A mother’s delusion: when her child does not do well at school, she erroneously thinks that he just does not study hard enough, despite the fact that he is smart and intelligent.
Parents’ delusion: they naively assume that when their children grow older, they will return the love and care they received from their parents.
A mother-in-law’s delusion: she naively thinks that her son will continue to love her more than his wife after getting married.
In-laws’ delusion: they incorrectly think that their son-in-law is not interested in their savings and real estate holdings.
A wife’s delusion: she thinks her husband is not interested in young, pretty girls.
A husband’s delusion: when his wife gives him the breakfast of champions, he misguidedly thinks it’s a reward for his superb sexual technique the night before.
An old woman’s delusion: she thinks she can still be pretty as long as she puts on her makeup.
An old man’s delusion: He thinks he is still attractive to young, pretty girls.

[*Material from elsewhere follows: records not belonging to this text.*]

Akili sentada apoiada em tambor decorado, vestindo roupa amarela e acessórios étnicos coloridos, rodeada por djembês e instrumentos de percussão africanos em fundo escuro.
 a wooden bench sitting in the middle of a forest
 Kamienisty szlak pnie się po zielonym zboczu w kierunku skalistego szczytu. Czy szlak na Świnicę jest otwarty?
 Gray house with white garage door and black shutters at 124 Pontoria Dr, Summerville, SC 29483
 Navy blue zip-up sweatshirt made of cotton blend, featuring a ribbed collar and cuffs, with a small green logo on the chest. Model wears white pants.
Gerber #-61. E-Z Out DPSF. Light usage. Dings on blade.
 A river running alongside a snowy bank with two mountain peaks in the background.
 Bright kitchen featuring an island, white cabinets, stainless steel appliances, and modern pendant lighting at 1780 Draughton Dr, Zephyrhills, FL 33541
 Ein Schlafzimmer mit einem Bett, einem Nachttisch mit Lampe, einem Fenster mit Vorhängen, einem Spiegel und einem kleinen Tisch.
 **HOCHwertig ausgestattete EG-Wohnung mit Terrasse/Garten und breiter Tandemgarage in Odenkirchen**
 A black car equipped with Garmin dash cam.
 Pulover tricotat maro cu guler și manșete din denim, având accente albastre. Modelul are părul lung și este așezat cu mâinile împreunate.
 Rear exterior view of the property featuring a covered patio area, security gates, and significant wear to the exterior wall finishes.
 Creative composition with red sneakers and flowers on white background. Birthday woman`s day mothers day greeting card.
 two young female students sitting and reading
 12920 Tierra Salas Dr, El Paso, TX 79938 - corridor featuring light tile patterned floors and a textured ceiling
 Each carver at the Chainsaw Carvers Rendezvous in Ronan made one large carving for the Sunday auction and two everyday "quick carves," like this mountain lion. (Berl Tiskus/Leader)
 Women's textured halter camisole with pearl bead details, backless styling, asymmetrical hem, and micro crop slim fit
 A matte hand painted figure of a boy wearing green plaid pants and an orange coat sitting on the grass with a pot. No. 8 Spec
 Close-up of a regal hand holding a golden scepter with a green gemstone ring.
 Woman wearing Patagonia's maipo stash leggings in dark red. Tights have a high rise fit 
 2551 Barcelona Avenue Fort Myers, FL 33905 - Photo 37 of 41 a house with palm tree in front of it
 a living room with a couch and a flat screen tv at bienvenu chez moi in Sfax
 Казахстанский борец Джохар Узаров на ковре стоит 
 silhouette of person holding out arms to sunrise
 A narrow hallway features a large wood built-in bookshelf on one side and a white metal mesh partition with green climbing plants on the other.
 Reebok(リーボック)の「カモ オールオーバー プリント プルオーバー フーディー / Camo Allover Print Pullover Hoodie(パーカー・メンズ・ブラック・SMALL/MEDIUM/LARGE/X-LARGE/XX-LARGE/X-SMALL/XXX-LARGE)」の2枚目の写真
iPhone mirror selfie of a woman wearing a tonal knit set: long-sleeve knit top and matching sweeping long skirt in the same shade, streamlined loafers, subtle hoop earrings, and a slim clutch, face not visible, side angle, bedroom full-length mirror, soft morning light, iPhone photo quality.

Another fine joke is the comparison between a Korean sportscaster and a Western one at an ice rink where Kim Yu-na is giving a dazzling performance. Watching Yu-na’s landing, the Korean sportscaster says, “Ah, such a high-level technique will give Yuna extra points!”
But the Western sportscaster exclaims, “Ah, she looks like a beautiful butterfly gently touching down on a flower petal, doesn’t she?”
Then the Korean sportscaster says, “If she lands clumsily, it’ll affect her score.”
But the Western sportscaster just praises Yu-na’s graceful, dexterous motions: “Look! She’s like a silk scarf touching down on a lake, making gorgeous ripples.”
At the end of the performance, the Korean sportscaster shouts, “Ah! Yu-na dominated the ice link completely. She will definitely win the gold medal!”
But the Western sportscaster whispers, “Thank God, I am so lucky to have seen this mesmerising performance today.”
This anecdote illustrates how obsessed Koreans are with obtaining high scores and winning medals, unable to appreciate the artistic qualities of the performance.
Humorous jokes often reflect innate problems in their country of origin. Reading the jokes above, we can ponder the compelling social and psychological issues of South Korea today, while laughing heartily.
> Kim Seong-kon is a professor of English at Seoul National University and president of the Literature Translation Institute of Korea.